Task prompt
Reproduce the records below exactly as given.
BEGIN Supplied information
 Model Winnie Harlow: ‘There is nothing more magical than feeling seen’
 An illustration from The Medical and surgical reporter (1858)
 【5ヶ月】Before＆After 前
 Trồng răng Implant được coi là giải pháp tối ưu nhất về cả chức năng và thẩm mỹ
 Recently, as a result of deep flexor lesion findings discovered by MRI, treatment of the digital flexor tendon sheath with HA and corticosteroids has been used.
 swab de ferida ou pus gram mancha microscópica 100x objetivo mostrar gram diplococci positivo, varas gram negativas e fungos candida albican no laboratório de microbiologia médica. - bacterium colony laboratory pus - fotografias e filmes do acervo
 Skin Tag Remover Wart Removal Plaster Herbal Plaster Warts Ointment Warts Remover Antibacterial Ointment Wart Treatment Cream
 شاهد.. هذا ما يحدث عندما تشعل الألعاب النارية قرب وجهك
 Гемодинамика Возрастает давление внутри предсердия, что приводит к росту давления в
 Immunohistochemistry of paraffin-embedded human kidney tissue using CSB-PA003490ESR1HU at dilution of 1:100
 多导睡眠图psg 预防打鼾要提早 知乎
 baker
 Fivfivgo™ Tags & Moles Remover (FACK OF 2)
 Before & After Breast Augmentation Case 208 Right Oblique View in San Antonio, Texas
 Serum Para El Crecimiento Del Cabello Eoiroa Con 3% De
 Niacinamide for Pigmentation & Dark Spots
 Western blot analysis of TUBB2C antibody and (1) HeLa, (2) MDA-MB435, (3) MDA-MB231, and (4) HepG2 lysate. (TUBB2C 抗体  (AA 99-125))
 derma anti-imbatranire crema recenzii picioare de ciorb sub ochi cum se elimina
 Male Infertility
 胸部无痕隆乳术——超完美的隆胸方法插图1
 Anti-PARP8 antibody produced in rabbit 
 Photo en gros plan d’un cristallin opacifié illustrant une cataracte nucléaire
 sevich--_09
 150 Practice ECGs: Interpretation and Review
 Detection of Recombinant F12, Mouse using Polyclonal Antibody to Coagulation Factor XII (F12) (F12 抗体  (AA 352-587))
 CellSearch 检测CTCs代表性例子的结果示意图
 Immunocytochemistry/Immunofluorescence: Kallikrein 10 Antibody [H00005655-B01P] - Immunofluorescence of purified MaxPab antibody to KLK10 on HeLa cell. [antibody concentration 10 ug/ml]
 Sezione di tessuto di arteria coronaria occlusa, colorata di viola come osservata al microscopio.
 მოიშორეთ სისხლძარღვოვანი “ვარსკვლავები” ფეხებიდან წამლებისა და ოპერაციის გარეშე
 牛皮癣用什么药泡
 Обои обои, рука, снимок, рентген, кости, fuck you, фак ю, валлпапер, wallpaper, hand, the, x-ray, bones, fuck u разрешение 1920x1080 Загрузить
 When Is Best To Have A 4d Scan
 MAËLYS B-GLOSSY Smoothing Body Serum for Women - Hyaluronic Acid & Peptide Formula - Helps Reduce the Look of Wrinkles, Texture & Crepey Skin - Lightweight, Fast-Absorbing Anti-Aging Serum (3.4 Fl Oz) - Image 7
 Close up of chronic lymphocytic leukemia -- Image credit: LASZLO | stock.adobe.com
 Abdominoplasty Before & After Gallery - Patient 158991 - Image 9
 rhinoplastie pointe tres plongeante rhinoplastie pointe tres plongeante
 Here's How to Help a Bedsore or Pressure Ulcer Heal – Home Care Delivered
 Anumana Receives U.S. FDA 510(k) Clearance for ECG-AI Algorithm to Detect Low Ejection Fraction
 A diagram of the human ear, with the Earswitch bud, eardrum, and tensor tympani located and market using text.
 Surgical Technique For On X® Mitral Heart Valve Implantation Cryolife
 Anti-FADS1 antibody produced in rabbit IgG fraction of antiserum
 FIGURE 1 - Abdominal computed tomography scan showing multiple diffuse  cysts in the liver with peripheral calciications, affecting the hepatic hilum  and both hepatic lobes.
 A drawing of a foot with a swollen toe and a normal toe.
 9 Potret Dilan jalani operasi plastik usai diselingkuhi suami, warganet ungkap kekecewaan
END Supplied information
Exercise response
 Model Winnie Harlow: ‘There is nothing more magical than feeling seen’
 An illustration from The Medical and surgical reporter (1858)
 【5ヶ月】Before＆After 前
 Trồng răng Implant được coi là giải pháp tối ưu nhất về cả chức năng và thẩm mỹ
 Recently, as a result of deep flexor lesion findings discovered by MRI, treatment of the digital flexor tendon sheath with HA and corticosteroids has been used.
 swab de ferida ou pus gram mancha microscópica 100x objetivo mostrar gram diplococci positivo, varas gram negativas e fungos candida albican no laboratório de microbiologia médica. - bacterium colony laboratory pus - fotografias e filmes do acervo
 Skin Tag Remover Wart Removal Plaster Herbal Plaster Warts Ointment Warts Remover Antibacterial Ointment Wart Treatment Cream
 شاهد.. هذا ما يحدث عندما تشعل الألعاب النارية قرب وجهك
 Гемодинамика Возрастает давление внутри предсердия, что приводит к росту давления в
 Immunohistochemistry of paraffin-embedded human kidney tissue using CSB-PA003490ESR1HU at dilution of 1:100
 多导睡眠图psg 预防打鼾要提早 知乎
 baker
 Fivfivgo™ Tags & Moles Remover (FACK OF 2)
 Before & After Breast Augmentation Case 208 Right Oblique View in San Antonio, Texas
 Serum Para El Crecimiento Del Cabello Eoiroa Con 3% De
 Niacinamide for Pigmentation & Dark Spots
 Western blot analysis of TUBB2C antibody and (1) HeLa, (2) MDA-MB435, (3) MDA-MB231, and (4) HepG2 lysate. (TUBB2C 抗体  (AA 99-125))
 derma anti-imbatranire crema recenzii picioare de ciorb sub ochi cum se elimina
 Male Infertility
 胸部无痕隆乳术——超完美的隆胸方法插图1
 Anti-PARP8 antibody produced in rabbit 
 Photo en gros plan d’un cristallin opacifié illustrant une cataracte nucléaire
 sevich--_09
 150 Practice ECGs: Interpretation and Review
 Detection of Recombinant F12, Mouse using Polyclonal Antibody to Coagulation Factor XII (F12) (F12 抗体  (AA 352-587))
 CellSearch 检测CTCs代表性例子的结果示意图
 Immunocytochemistry/Immunofluorescence: Kallikrein 10 Antibody [H00005655-B01P] - Immunofluorescence of purified MaxPab antibody to KLK10 on HeLa cell. [antibody concentration 10 ug/ml]
 Sezione di tessuto di arteria coronaria occlusa, colorata di viola come osservata al microscopio.
 მოიშორეთ სისხლძარღვოვანი “ვარსკვლავები” ფეხებიდან წამლებისა და ოპერაციის გარეშე
 牛皮癣用什么药泡
 Обои обои, рука, снимок, рентген, кости, fuck you, фак ю, валлпапер, wallpaper, hand, the, x-ray, bones, fuck u разрешение 1920x1080 Загрузить
 When Is Best To Have A 4d Scan
 MAËLYS B-GLOSSY Smoothing Body Serum for Women - Hyaluronic Acid & Peptide Formula - Helps Reduce the Look of Wrinkles, Texture & Crepey Skin - Lightweight, Fast-Absorbing Anti-Aging Serum (3.4 Fl Oz) - Image 7
 Close up of chronic lymphocytic leukemia -- Image credit: LASZLO | stock.adobe.com
 Abdominoplasty Before & After Gallery - Patient 158991 - Image 9
 rhinoplastie pointe tres plongeante rhinoplastie pointe tres plongeante
 Here's How to Help a Bedsore or Pressure Ulcer Heal – Home Care Delivered
 Anumana Receives U.S. FDA 510(k) Clearance for ECG-AI Algorithm to Detect Low Ejection Fraction
 A diagram of the human ear, with the Earswitch bud, eardrum, and tensor tympani located and market using text.
 Surgical Technique For On X® Mitral Heart Valve Implantation Cryolife
 Anti-FADS1 antibody produced in rabbit IgG fraction of antiserum
 FIGURE 1 - Abdominal computed tomography scan showing multiple diffuse  cysts in the liver with peripheral calciications, affecting the hepatic hilum  and both hepatic lobes.
 A drawing of a foot with a swollen toe and a normal toe.
 9 Potret Dilan jalani operasi plastik usai diselingkuhi suami, warganet ungkap kekecewaan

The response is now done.